ECLI:NL:RVS:2019:2259

Raad van State

Datum uitspraak
5 juni 2019
Publicatiedatum
4 juli 2019
Zaaknummer
201700477/2/R2
Instantie
Raad van State
Type
Uitspraak
Rechtsgebied
Bestuursrecht
Procedures
  • Vereenvoudigde behandeling
Rechters
  • J. Kramer
Vindplaatsen
  • Rechtspraak.nl
AI samenvatting door LexboostAutomatisch gegenereerd

Vernietiging van vergunning voor veehouderij op basis van Natuurbeschermingswet 1998 en stikstofdepositie

In deze zaak heeft de Afdeling bestuursrechtspraak van de Raad van State op 5 juni 2019 uitspraak gedaan in het beroep van Coöperatie Mobilisation for the Environment U.A. en Vereniging Leefmilieu tegen het college van gedeputeerde staten van Drenthe. Het college had op 19 december 2016 een vergunning verleend voor een veehouderij in Nieuw-Schoonebeek op basis van de Natuurbeschermingswet 1998 (Nbw 1998). De appellanten stelden dat deze vergunning niet kon worden verleend, omdat de passende beoordeling die aan de vergunning ten grondslag lag, niet voldeed aan de eisen van artikel 6 van de Habitatrichtlijn.

De Afdeling oordeelde dat de vergunning inderdaad niet kon worden verleend, omdat de passende beoordeling en het Programma Aanpak Stikstof (PAS) niet voldeden aan de wettelijke eisen. De Afdeling verwees naar een eerdere uitspraak van 29 mei 2019, waarin was vastgesteld dat de passende beoordeling niet voldeed aan de eisen van de Habitatrichtlijn. Dit leidde tot de conclusie dat het college in strijd had gehandeld met de Nbw 1998 door de vergunning te verlenen.

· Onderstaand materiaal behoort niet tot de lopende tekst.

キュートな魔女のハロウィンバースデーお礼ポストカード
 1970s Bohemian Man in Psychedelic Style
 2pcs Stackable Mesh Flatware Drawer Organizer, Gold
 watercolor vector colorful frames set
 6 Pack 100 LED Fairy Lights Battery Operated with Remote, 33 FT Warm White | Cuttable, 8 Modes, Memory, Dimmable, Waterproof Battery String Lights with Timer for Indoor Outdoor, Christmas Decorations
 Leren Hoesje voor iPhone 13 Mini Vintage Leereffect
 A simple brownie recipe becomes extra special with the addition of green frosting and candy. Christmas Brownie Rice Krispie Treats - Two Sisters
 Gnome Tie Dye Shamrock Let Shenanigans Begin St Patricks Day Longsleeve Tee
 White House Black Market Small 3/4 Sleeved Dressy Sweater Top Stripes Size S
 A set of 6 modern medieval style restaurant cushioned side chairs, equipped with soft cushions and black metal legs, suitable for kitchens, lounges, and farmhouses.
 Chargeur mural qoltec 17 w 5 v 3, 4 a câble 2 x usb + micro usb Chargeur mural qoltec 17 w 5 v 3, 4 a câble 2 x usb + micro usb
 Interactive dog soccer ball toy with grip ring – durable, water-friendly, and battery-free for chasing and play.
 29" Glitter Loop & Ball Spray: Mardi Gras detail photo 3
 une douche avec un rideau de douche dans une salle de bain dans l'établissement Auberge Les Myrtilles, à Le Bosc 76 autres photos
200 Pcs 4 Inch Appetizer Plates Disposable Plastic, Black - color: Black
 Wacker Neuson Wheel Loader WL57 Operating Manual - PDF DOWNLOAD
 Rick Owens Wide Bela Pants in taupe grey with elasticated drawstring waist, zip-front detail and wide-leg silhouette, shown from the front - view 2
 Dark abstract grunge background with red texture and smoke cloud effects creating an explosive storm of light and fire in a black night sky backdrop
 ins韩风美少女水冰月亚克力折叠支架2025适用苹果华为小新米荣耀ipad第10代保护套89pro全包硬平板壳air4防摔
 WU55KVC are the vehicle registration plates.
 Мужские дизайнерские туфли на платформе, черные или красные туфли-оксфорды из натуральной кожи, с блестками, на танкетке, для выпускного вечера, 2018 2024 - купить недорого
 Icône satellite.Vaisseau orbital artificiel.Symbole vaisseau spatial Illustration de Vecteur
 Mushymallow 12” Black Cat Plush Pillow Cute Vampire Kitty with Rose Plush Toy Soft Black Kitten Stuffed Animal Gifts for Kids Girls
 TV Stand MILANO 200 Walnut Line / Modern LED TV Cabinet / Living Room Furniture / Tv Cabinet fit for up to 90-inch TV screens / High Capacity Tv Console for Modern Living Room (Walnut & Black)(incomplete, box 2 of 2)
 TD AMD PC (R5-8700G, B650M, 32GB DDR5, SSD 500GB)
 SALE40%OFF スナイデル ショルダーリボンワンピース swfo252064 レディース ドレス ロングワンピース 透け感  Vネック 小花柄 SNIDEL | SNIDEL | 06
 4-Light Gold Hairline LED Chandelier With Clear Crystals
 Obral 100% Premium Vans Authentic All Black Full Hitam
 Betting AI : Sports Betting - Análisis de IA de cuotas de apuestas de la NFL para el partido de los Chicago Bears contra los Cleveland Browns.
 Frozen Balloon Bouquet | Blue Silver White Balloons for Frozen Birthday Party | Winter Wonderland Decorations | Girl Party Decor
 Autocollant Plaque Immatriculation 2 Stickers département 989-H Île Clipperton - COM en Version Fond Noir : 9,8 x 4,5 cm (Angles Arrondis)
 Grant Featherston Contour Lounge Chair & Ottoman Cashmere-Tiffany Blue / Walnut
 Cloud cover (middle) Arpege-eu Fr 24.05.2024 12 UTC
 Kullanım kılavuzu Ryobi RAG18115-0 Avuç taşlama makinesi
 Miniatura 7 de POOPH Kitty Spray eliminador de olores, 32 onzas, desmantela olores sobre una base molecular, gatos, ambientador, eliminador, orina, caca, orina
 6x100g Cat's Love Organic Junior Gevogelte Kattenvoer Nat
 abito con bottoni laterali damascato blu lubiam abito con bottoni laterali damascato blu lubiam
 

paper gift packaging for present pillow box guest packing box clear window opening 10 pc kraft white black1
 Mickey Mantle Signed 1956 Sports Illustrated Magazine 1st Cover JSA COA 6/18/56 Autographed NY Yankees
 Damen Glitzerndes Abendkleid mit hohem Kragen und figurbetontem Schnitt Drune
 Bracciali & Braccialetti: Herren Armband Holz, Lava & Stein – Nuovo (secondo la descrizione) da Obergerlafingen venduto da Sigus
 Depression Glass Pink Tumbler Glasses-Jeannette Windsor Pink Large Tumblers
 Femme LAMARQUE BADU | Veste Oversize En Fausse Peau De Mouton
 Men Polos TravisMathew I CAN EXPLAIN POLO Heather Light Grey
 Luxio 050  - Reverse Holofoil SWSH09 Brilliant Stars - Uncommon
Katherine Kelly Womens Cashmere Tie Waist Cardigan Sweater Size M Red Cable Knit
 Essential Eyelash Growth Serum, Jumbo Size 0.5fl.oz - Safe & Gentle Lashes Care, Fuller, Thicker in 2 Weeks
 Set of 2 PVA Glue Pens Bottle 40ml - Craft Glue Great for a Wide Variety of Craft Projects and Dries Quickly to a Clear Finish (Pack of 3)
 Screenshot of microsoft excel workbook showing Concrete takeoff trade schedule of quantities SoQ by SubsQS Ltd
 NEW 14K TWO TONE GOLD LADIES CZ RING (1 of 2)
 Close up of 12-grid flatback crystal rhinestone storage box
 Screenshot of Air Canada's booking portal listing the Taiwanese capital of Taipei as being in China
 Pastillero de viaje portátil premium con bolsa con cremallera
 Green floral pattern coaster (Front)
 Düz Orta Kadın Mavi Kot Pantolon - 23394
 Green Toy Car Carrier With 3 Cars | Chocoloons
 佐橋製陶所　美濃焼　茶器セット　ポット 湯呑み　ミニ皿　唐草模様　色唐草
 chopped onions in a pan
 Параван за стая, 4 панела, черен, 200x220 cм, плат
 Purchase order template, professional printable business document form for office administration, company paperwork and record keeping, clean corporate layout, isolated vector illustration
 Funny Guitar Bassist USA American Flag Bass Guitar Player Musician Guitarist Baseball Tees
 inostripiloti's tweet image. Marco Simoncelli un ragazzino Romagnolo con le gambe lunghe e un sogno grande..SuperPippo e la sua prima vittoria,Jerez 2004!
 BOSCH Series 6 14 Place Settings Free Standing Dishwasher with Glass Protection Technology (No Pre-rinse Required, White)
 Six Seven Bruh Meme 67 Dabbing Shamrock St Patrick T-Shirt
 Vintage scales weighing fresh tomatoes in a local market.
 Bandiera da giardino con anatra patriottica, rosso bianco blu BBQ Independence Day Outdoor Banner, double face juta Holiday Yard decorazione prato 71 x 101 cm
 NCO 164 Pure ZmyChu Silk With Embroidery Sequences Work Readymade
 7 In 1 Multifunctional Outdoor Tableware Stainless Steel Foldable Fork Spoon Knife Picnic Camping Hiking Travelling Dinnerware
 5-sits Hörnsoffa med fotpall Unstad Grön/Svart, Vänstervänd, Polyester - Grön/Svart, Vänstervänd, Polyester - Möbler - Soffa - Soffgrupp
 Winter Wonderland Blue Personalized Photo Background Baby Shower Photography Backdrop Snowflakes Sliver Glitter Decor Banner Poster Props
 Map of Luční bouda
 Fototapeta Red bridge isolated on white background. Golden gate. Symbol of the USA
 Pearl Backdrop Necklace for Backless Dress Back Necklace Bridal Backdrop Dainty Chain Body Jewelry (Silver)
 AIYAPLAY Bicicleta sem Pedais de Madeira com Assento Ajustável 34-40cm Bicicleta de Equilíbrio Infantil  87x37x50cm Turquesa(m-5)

De uitspraak resulteerde in de vernietiging van het besluit van het college van gedeputeerde staten van Drenthe. Daarnaast werd het college veroordeeld tot vergoeding van de proceskosten aan de appellanten, die in totaal € 512,00 aan rechtsbijstandskosten en € 334,00 aan griffierecht vergoed kregen. De Afdeling benadrukte dat het college voor een nieuw besluit niet kan terugvallen op de eerdere procedure, maar eerst een nieuw ontwerpbesluit moet opstellen en ter inzage moet leggen.

Uitspraak

201700477/2/R2.
Datum uitspraak: 5 juni 2019
AFDELING
BESTUURSRECHTSPRAAK
Uitspraak na vereenvoudigde behandeling (artikel 8:54 van de Algemene wet bestuursrecht (hierna: de Awb)) in het geding tussen:
Coöperatie Mobilisation for the Environment U.A. en Vereniging Leefmilieu, beide gevestigd te Nijmegen,
appellanten,
en
het college van gedeputeerde staten van Drenthe,
verweerder.
Procesverloop
Bij besluit van 19 december 2016, kenmerk 201600968-00669904, heeft het college een vergunning op grond van de Natuurbeschermingswet 1998 (hierna: Nbw 1998) verleend voor de veehouderij [locatie] Nieuw-Schoonebeek.
Tegen dit besluit hebben MOB en Leefmilieu beroep ingesteld.
Overwegingen
1.    Het college heeft bij het bestreden besluit vergunning verleend voor een veehouderij die stikstofdepositie veroorzaakt op stikstofgevoelige natuurwaarden in Natura 2000-gebieden. Het college heeft daarbij toepassing gegeven aan het Programma Aanpak Stikstof 2015-2021 (hierna: PAS) en de daarbij behorende regelgeving die vanaf 1 juli 2015 van kracht is. De vergunning kan volgens het college worden verleend onder verwijzing naar de passende beoordeling die voor het PAS is opgesteld. Met de toepassing en uitvoering van het PAS is volgens het college gewaarborgd dat de stikstofdepositie die de veehouderij zal veroorzaken niet zal leiden tot een aantasting van de natuurwaarden in Natura 2000-gebieden.
2.    De strekking van het beroep is - kort gezegd - dat de vergunning niet kon worden verleend onder verwijzing naar de passende beoordeling die voor het PAS is gemaakt, omdat de passende beoordeling en het PAS niet voldoen aan artikel 6 van de Habitatrichtlijn.
3.    De Afdeling heeft in de uitspraak van 29 mei 2019, ECLI:NL:RVS:2019:1603, geoordeeld dat de passende beoordeling die aan het PAS ten grondslag ligt niet voldoet aan de eisen die uit artikel 6 van de Habitatrichtlijn voortvloeien.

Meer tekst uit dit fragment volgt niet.